On the subject of libraries, be sure the compiler includes all
of the functions you'll need. While many embedded systems make
no runtime calls, others depend on extensive library support.
Evaluate your requirements. Will you require special CPU resources?
Does the compiler support these? Most compiler companies use a
common parser and just replace code generation modules when building
variants for different processors. Therefore, register variables,
for example, may not really use registers.
A few compilers will support a CPU's internal memory management
unit. If your design requires extended memory that can be accessed
only via an MMU, be sure the compiler gives you some sort of MMU
control. Some compilers will even automatically remap it and insert
C functions into individual maps. Hitachi's 647180X microcontroller
includes an MMU; others will as time moves on and memory demands
increase.
Is the compiler compatible with the assembler? Compiled C code
must be combined with assembled files via a common linker. Almost
every linker takes a different object file format, essentially
guaranteeing problems in combining tools from different vendors.
In some cases the tools from a single vendor are incompatible.
Don't expect to work around a weak assembler by substituting one
from another software house, since they will rarely be compatible.
Once the code is written you'll have to debug it. Plan to use
a source level debugger (SLD), and be sure the compiler is compatible
with the debugger. Prior to the widespread use of C it was common
to mix and match tools; the assembler, linker, and debugger could
all come from different vendors, yet work together with a minimum
of trouble. The symbol and hex files might need a trivial amount
of conversion to get the tools to work well together, but that
was expected and was really not a lot of trouble. Block-structured
languages like C have changed all of this. Tools are sometimes
like the construction workers on the Tower of Babel. Few are now
really compatible with each other.
Source level C debugging requires a tremendous amount of information
about the program's organization. C is not just an extension of
assembly; line number records and symbol addresses, while sufficient
for programs created with an assembler, are only a fraction of
what is needed for C. Usually most of the difficulty lies with
data representations. Is a variable local to one function? How
is it's scope defined in the debug file? Is it a static that has
an absolute memory address, or, as for an automatic type, is it
assigned as an offset from the stack? Is it a register variable?
All of these questions get even more complicated if the variable
is an array or structure.
Unfortunately, many compilers produce little or no debug information,
rendering them all but useless in an embedded environment where
troubleshooting by adding print statements just doesn't work.
The 8 bit arena is especially chaotic.
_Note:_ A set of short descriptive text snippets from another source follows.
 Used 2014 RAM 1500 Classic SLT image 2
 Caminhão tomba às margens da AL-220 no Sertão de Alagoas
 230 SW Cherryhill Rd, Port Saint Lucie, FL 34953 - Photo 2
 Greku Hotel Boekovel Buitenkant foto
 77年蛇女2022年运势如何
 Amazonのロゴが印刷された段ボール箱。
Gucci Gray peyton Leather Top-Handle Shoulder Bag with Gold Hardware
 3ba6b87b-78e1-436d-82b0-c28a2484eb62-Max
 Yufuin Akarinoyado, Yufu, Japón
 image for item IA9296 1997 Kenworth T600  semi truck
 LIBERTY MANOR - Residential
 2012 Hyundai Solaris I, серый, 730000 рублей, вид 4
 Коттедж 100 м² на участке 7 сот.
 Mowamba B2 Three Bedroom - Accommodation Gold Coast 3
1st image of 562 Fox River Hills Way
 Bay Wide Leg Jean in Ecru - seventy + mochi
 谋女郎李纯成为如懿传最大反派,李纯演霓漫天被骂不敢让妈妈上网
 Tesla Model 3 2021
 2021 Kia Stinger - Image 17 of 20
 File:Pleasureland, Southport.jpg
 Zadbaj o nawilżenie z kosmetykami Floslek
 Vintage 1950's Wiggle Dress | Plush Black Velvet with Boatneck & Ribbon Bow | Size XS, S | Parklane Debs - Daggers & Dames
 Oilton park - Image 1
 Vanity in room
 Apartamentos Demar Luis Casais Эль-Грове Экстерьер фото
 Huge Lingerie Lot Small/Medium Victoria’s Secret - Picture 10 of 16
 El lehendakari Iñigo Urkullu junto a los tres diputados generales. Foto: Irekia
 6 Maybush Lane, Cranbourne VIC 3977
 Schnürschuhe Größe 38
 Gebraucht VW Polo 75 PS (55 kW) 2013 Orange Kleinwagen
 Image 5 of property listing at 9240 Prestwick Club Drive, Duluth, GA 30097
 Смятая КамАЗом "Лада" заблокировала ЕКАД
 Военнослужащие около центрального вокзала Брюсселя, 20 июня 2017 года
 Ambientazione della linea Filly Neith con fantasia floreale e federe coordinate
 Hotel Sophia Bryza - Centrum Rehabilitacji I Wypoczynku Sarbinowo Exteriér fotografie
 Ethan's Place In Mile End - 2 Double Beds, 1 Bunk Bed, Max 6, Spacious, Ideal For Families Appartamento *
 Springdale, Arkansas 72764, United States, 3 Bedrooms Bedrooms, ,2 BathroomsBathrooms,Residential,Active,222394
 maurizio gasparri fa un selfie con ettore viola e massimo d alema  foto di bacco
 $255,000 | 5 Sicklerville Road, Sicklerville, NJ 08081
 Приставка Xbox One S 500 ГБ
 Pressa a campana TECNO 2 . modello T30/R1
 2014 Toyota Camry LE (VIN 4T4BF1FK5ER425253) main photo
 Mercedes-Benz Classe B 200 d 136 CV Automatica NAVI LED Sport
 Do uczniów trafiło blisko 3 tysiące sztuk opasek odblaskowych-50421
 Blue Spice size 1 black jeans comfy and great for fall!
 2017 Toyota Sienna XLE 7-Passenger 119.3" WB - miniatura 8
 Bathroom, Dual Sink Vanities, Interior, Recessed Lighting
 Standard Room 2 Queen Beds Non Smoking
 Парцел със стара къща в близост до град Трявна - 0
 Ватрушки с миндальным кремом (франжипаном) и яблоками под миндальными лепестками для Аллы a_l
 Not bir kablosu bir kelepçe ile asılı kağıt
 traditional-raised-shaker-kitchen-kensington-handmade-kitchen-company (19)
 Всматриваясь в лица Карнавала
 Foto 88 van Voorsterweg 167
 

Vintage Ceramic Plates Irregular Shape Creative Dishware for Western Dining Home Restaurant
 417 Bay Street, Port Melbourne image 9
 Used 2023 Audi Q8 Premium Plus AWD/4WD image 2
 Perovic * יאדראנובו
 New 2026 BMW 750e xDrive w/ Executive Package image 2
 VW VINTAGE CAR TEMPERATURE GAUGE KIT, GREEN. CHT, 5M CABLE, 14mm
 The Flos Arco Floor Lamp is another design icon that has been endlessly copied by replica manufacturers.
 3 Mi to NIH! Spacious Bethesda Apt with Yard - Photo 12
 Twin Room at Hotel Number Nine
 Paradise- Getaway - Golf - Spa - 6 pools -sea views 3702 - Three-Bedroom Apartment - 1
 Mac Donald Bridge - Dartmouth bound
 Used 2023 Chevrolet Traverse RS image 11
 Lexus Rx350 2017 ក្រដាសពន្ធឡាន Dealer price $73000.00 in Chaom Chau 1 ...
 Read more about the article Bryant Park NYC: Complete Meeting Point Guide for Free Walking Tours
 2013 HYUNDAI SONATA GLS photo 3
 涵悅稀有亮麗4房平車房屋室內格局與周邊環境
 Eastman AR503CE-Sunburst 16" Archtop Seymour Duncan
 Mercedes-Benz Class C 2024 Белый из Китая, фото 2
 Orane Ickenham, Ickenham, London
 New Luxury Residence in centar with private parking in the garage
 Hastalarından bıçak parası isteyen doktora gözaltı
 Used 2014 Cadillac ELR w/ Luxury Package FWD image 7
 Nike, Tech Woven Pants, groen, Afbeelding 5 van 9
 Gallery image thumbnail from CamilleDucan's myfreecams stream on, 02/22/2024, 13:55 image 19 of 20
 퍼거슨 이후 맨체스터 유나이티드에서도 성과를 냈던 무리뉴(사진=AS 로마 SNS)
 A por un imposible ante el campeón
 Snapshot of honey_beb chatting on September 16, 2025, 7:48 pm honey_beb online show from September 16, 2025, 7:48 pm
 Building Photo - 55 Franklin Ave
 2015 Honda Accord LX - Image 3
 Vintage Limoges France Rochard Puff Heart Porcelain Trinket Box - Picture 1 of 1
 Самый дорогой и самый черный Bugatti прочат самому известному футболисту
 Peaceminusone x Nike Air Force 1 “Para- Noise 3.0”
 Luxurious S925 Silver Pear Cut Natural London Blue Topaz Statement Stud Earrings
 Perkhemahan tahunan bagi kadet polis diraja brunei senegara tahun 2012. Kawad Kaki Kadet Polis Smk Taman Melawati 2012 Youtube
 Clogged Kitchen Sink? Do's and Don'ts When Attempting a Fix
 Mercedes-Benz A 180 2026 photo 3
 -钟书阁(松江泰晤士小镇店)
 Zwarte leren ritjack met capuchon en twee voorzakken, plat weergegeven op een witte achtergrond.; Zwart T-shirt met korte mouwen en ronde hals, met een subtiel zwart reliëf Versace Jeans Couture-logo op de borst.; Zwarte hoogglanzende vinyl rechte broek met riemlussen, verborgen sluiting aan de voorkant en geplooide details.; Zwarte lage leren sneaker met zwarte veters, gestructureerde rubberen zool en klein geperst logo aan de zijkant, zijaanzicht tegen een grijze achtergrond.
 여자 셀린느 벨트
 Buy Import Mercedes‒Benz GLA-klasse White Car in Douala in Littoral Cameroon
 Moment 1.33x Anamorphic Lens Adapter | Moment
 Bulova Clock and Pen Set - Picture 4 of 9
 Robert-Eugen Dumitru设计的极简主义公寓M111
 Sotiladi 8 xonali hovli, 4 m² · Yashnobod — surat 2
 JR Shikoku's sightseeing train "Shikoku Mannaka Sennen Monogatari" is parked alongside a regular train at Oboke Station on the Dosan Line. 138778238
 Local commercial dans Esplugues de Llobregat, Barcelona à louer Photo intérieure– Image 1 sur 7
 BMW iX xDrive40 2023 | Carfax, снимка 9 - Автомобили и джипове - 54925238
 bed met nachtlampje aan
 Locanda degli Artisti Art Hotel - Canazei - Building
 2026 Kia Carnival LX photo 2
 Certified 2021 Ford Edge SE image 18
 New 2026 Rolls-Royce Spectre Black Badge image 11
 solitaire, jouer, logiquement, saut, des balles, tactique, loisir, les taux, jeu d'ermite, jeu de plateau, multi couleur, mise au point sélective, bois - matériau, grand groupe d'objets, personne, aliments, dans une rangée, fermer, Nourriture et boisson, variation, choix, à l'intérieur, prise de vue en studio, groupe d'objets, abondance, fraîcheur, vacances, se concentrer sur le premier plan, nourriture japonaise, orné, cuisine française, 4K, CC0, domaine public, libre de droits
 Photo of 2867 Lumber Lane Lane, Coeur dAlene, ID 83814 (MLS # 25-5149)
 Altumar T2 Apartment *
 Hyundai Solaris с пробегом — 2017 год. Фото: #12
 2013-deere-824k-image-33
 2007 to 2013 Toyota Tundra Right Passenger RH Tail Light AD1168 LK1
While a number of standards
for expressing source debug information have been proposed (such
as IEEE-695 and COFF), few languages produce these; those that
do often add their own extensions. The quality of information
varies widely and changes almost daily as the vendors scramble
to get their products into better competitive positions. The files
are far more complex than a simple symbol file, so generating
conversion utilities is a difficult and time-consuming process.
SLD vendors must think long and hard before supporting a particular
format.
The moral of the story is to ask hard questions from each of your
development tool vendors. Make no assumptions about compatibility.
Once you have a text file of C code, it must be compiled, linked,
perhaps located, and debugged through an SLD and emulator. Will
each of these tools work together? Will you get full source debug
functionality, like local variables, scope tracking and C line
number support, or will some important feature be compromised?
Finally, try to insure that the compiler is reliable. Talk to
people who have successfully completed sizable embedded projects
with the tool. How often did the compiler crash, miscompile, or
unexpectedly cost engineering time? I know of one big Navy job
where the government mandated the use the obscure language CMSC.
At great expense the company acquired a DOD-approved VAX cross
compiler that was so unreliable they were forced to write code
in small sections, compile it, and examine all of the compiler's
assembly output. If the translation was obviously wrong, the programmers
made a more or less random source change and tried again. Your
tax dollars at work.
A lot of factors go into compiler selection. When you finally
make a decision, buy the product and immediately run tests to
evaluate the product's usefulness. A few days of testing can reveal
many fatal flaws. Return it if it is unacceptable - reputable
companies will always take a return if made within the first week
or two.
|